COUR D'APPEL D'AIX-EN-PROVENCE
Chambre 1-1
ARRÊT AU FOND
DU 14 MARS 2023
N° 2023/ 101
Rôle N° RG 19/13743 - N° Portalis DBVB-V-B7D-BEZZZ
[H] [G]
[K] [L] épouse [G]
C/
[Y] [T] épouse [D]
SARL ANALYSES ET PERFORMANCES EXPERTISES
Société AIG EUROPE SA
SA GENERALI ASSURANCES
Copie exécutoire délivrée
le :
à :
Me Eric TARLET
Me Françoise BOULAN
Me Alain DE ANGELIS
Me Pierre-yves IMPERATORE
Décision déférée à la Cour :
Jugement du Tribunal de Grande Instance de GRASSE en date du 21 Juin 2019 enregistré au répertoire général sous le n° 16/03138.
APPELANTS
Monsieur [H] [G]
né le 26 Juin 1940 à [Localité 7] (ALLEMAGNE)
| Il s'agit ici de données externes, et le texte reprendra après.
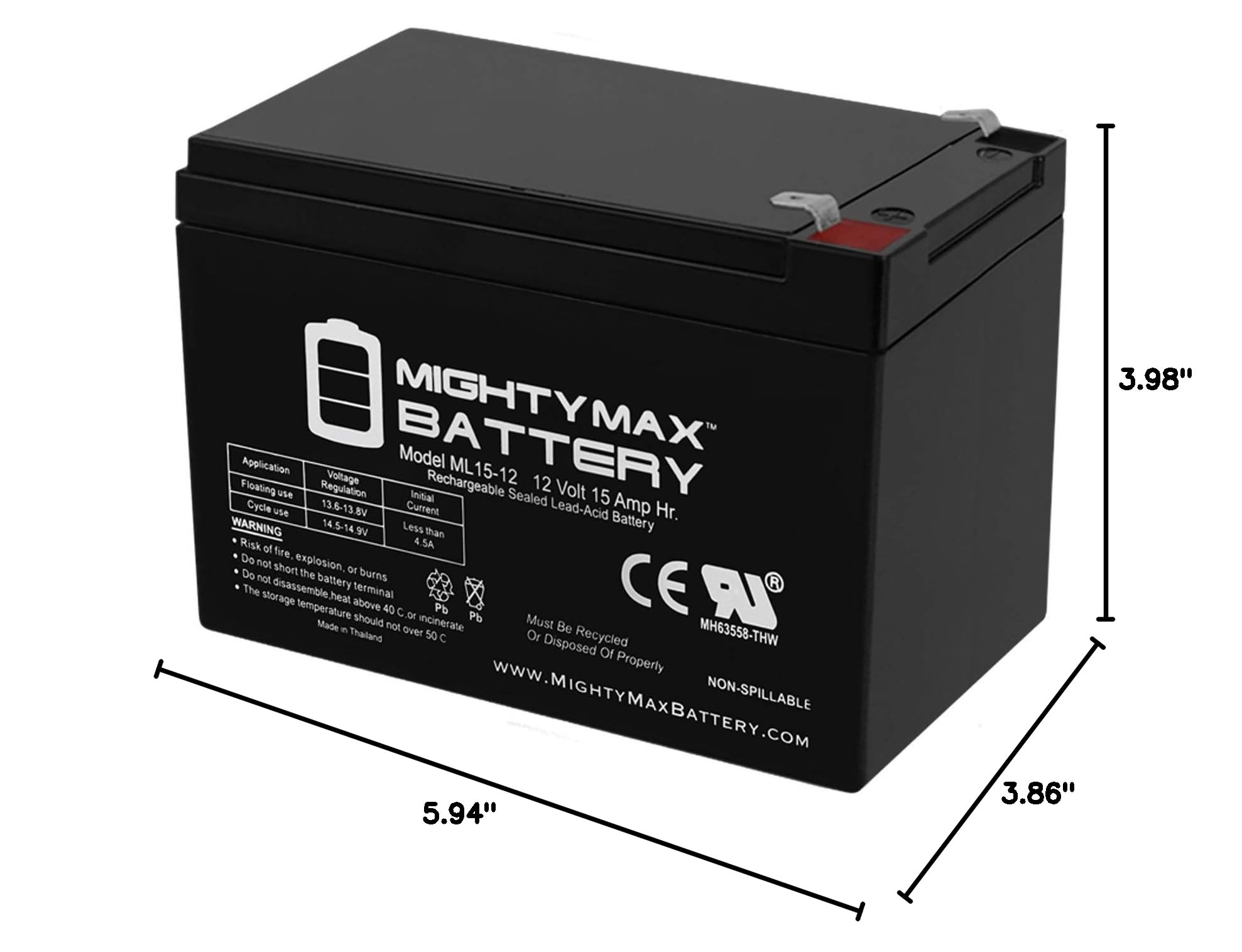 Mighty Max 12V 15AH F2 Replacement Battery for X-treme XB-500 Electric Scooter - Perfect for Commuting, Campus Transport & Last-Mile Delivery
de nationalité Française, demeurant [Adresse 3]
Madame [K] [L] épouse [G]
née le 09 Décembre 1958 à [Localité 9]
de nationalité Française, demeurant [Adresse 3]
Tous deux représentés par Me Eric TARLET de la SCP LIZEE PETIT TARLET, avocat au barreau d'AIX-EN-PROVENCE et ayant pour avocat Me Anouk DELMAR, avocat au barreau de GRASSE
INTIMÉES
Madame [Y] [X] [B] [T] épouse [D] en sa qualité d'héritière de Monsieur [E] [T] décédé
née le 11 octobre 1966 à [Localité 5]
demeurant [Adresse 1]
représentée par Me Françoise BOULAN de la SELARL LEXAVOUE BOULAN CHERFILS IMPERATORE, avocat au barreau d'AIX-EN-PROVENCE substituée par Me Rachid CHENIGUER, avocat au barreau d'AIX-EN-PROVENCE, et ayant pour avocat plaidant Me Jean-louis RAMPONNEAU, avocat au barreau de GRASSE
Société AIG EUROPE SA venant aux droits de la Société CHARTIS EUROPE,
demeurant [Adresse 10]
représentée par Me Alain DE ANGELIS de la SCP DE ANGELIS-SEMIDEI-VUILLQUEZ-HABART-MELKI-BARDON, avocat au barreau de MARSEILLE
SA GENERALI ASSURANCES prise en la personne de son représentant légal en exercice domicilié en cette qualité audit siège
demeurant [Adresse 2]
représentée par Me Pierre-yves IMPERATORE de la SELARL LEXAVOUE BOULAN CHERFILS IMPERATORE, avocat au barreau d'AIX-EN-PROVENCE substituée par Me Rachid CHENIGUER, avocat au barreau d'AIX-EN-PROVENCE, et ayant pour avocat plaidant Me Michel BELLAICHEn avocat au barreau de PARIS, substitué par Me Caroline ALTEIRAC, avocat au barreau d'AIX-EN-PROVENCE
SARL ANALYSES ET PERFORMANCES EXPERTISES, demeurant [Adresse 4]
défaillante
*-*-*-*-*
COMPOSITION DE LA COUR
L'affaire a été débattue le 07 Février 2023 en audience publique. Conformément à l'article 804 du code de procédure civile, Mme DEMONT, conseillère, a fait un rapport oral de l'affaire à l'audience avant les plaidoiries.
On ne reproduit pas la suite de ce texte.